Atteyat Al-Abnoudy’s definition of documentaries is simple and all-encompassing: “No script, no actors, no direction. The cameraman follows the subject.” (...) “What I want,” says Al-Abnoudy, leaning forward to make the point, “is a Déscription de l’Egypte on film.” Layers and layers of thick description that would make Clifford Geertz happy, testimonies from people rarely heard from, images of daily struggles to survive, dreams deferred but not forgotten.
Atteyat Al-Abnoudy, a pioneer of documentary filmmaking, has been making the voices of the poor heard since the 1970s. We meet her when the first Women’s Film Festival is paying tribute to her. (...) Some call her “the poet of the documentary”. Others criticize her for portraying the poor, the bratty children, the run-down places and the abject sides of reality. Likewise, Egyptian television, the only means of broadcasting her work, asks her to disclaim her inventories of misery in order to benefit from funding. She retorts to her detractors: “You must know how to reveal reality with its dark and luminous sides, without hiding an admiration for the total commitment of the beings whose lives meet History.”

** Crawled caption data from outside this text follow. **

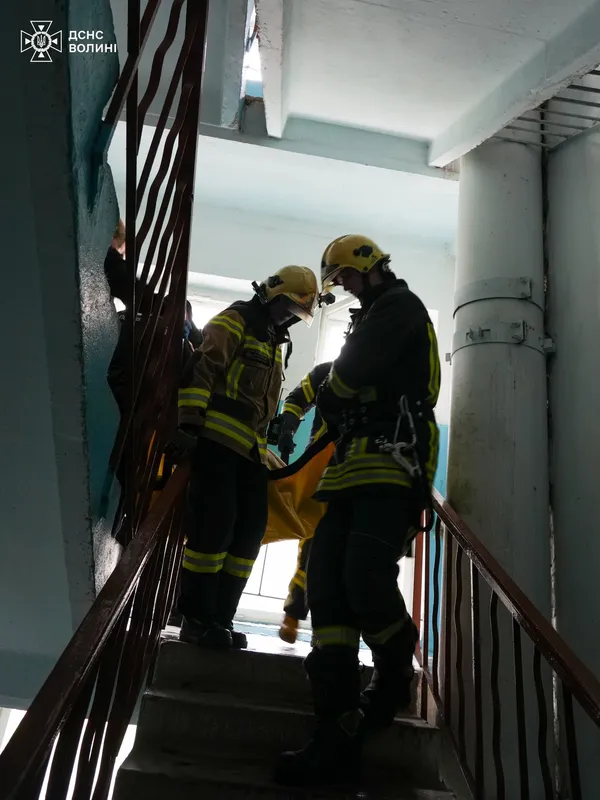 Стареньку хвору лучанку заблокувало у квартирі: її рятували через вікно (фото)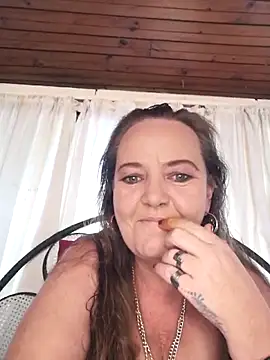 Kimmyb777 실시간 채팅방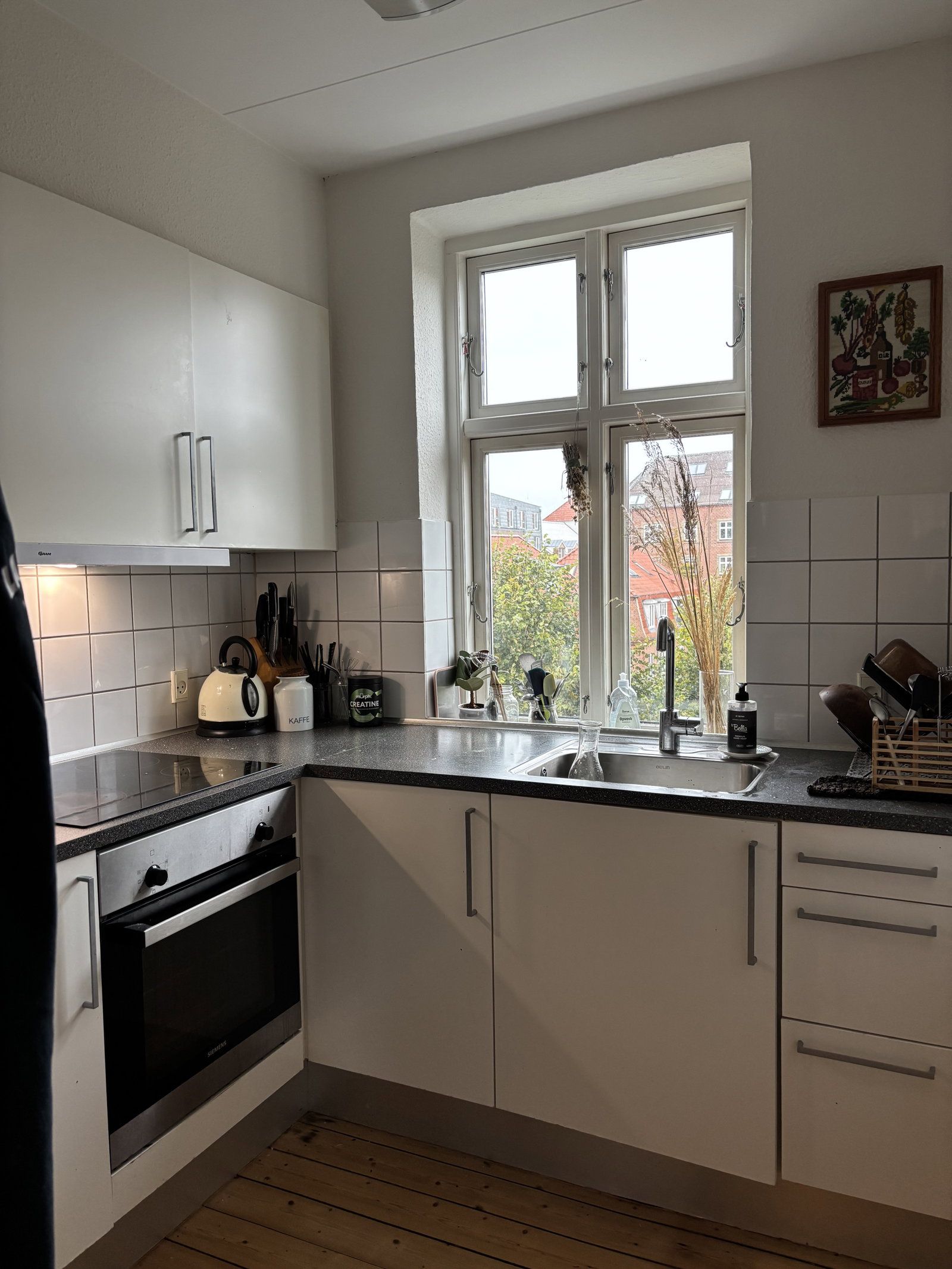 Charmerende 3-værelses med stuk, plankegulve og lyst køkken – 67 m2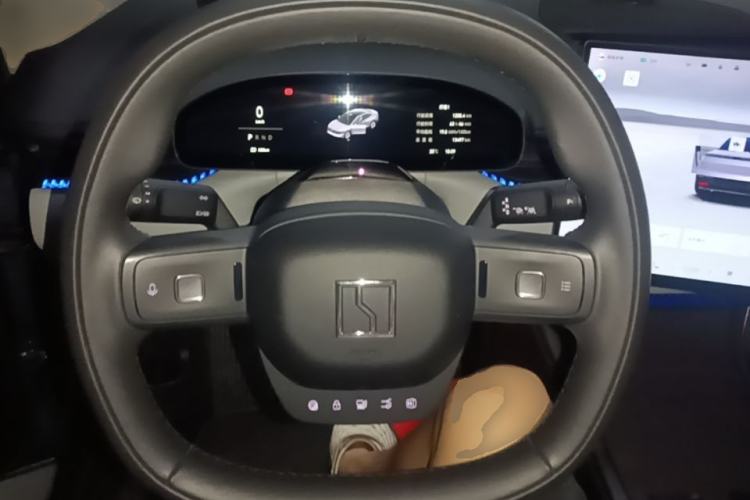 Used Zeekr 007 2025 Long-Range Rear-Wheel-Drive Intelligent Driving Version 100 kWh Steering Wheel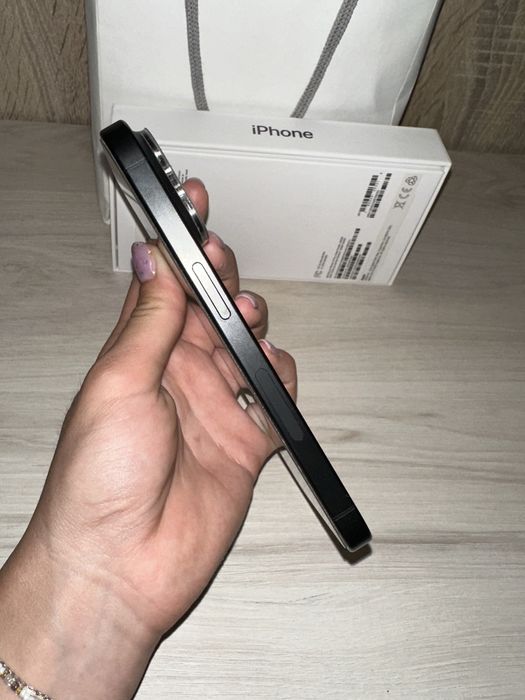 iPhone 15 Pro eSIM КАТО НОВ!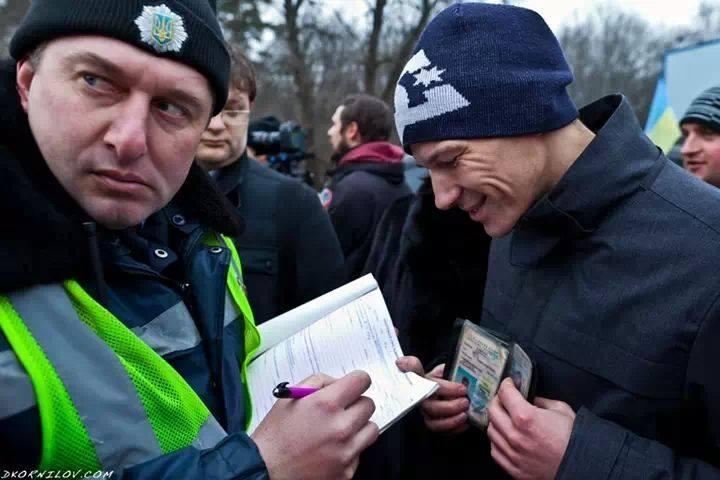 В Киеве на водителя составили протокол за движение в автоколонне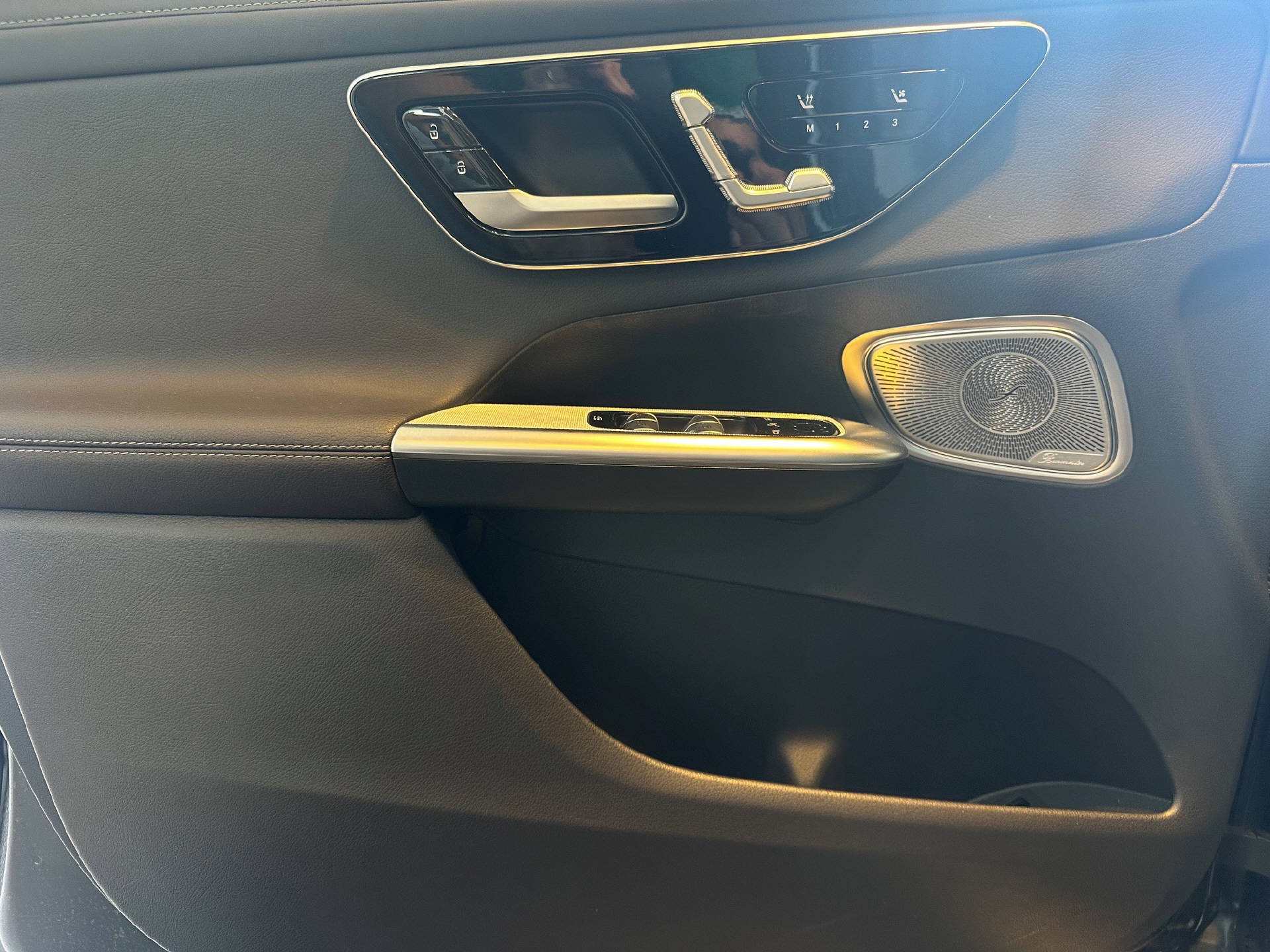 MERCEDES-BENZ GLC 400 e AMG Line 4matic-image-13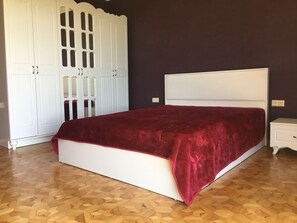 Quadruple Room | Egyptian cotton sheets, premium bedding, down duvets, free minibar - Green Cape Guest House (Batumi)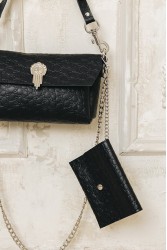 INDIVIDUAL On my Mind Shoulder Bag Black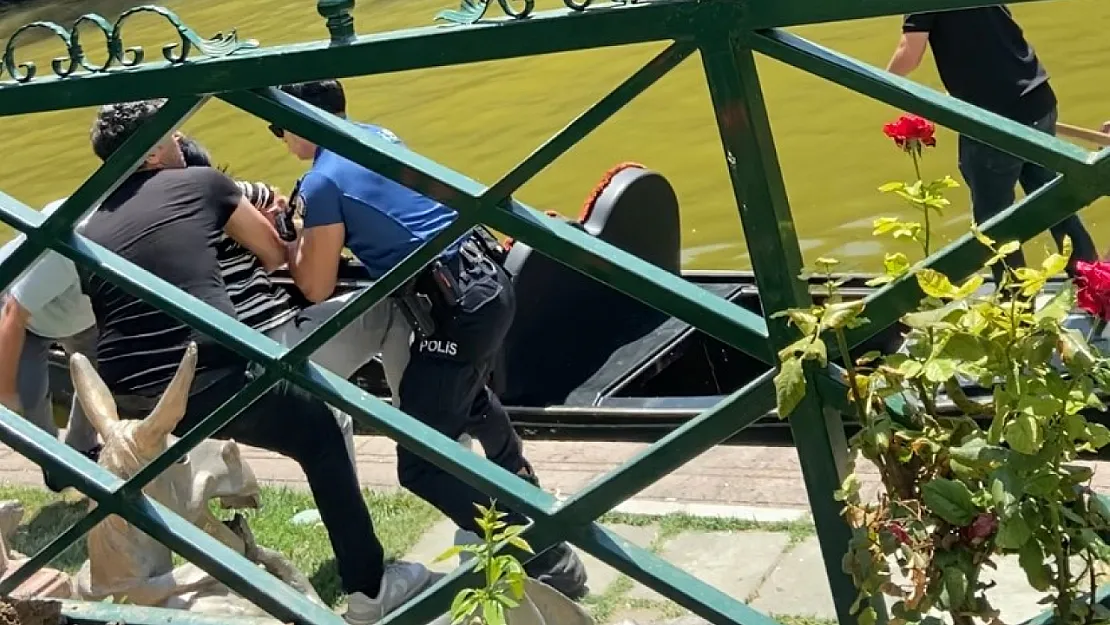 Suya Atlamaya Çalışan Kadına Turist Gibi Gondola Binen Sivil Polisler Engel Oldu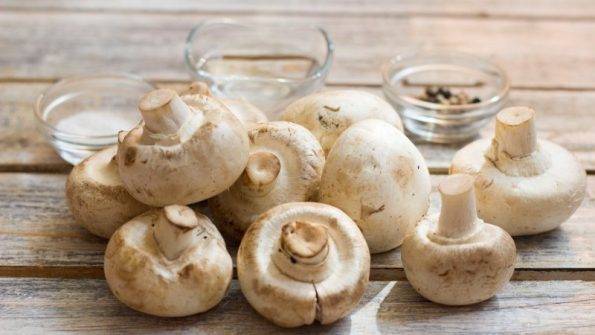 Как засолить шампиньоны дома: рецепты соленых грибов для праздничного стола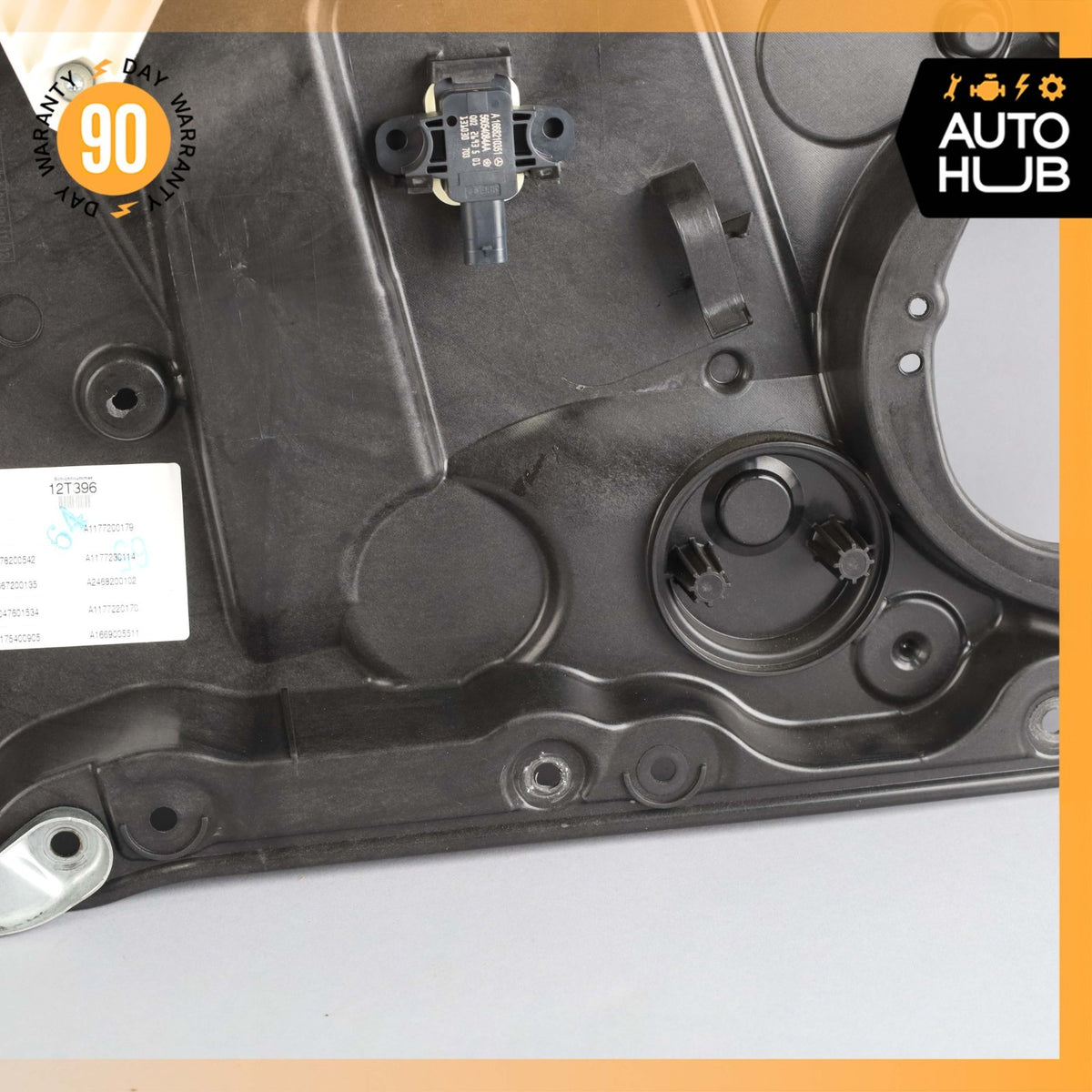 Mercedes W117 CLA45 AMG Front Left Driver Side Door Window Regulator Motor OEM - photo 5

We listen to Atteyat Al-Abnoudy speak in a loud voice about her vision for art, life and reality; and we get to know her inimitable, riotous character in return. Atteyat Al-Abnoudy: “I don’t care for the prizes as much as I care for my films to be shown in my own country, because I am offering pure Egyptian cinema to the Egyptian people, and I am addressing the existence of the authentic Egyptian human. Regardless of how many prizes I win around the world, their entire sum is not as worthy as one single glance of a pair of Egyptian eyes that give my films their glory and true worth.”
“I look at life in a poetic way. I love to live and I think that poor people in my country are all doing their best to work and to create life. I try in all my films to convey this love of life, even if the people live in very poor conditions. I treat them with great respect. I love to see their faces on the screen. I come from the working class, but film is a middle-class medium, so you have to be strong in order to maintain your relationship to your class. Otherwise you are lost.”
Atteyat Al-Abnoudy, a young Egyptian filmmaker, has won the Grand Prix du film documentaire in Grenoble and the International Federation of Film Critics prize for Horse of Mud. And for her film The Sad Song of Touha, she has won the Novais Teixeira prize: a prize founded in memory of our colleague who died last year and who was much loved by French critics. We met Atteyat Al-Abnoudy before she was awarded these important prizes, important for the direction she wishes to give to her work. Al-Abnoudy: “When I start a film, I don’t think about its form. When I became friends with the people in the factory, the only way for me as a filmmaker to express my feelings for them was to make a film.”
“I don’t want to make films because of some beautiful subject or because there’s something fascinating me in the colours or anything like that. It’s at least 50 years now making films in Egypt and always we see on the screen lovely houses and lovely hills, the decor and other fantastic things for us. But the poor people and the working class are not on the screen, when they have the right to be.”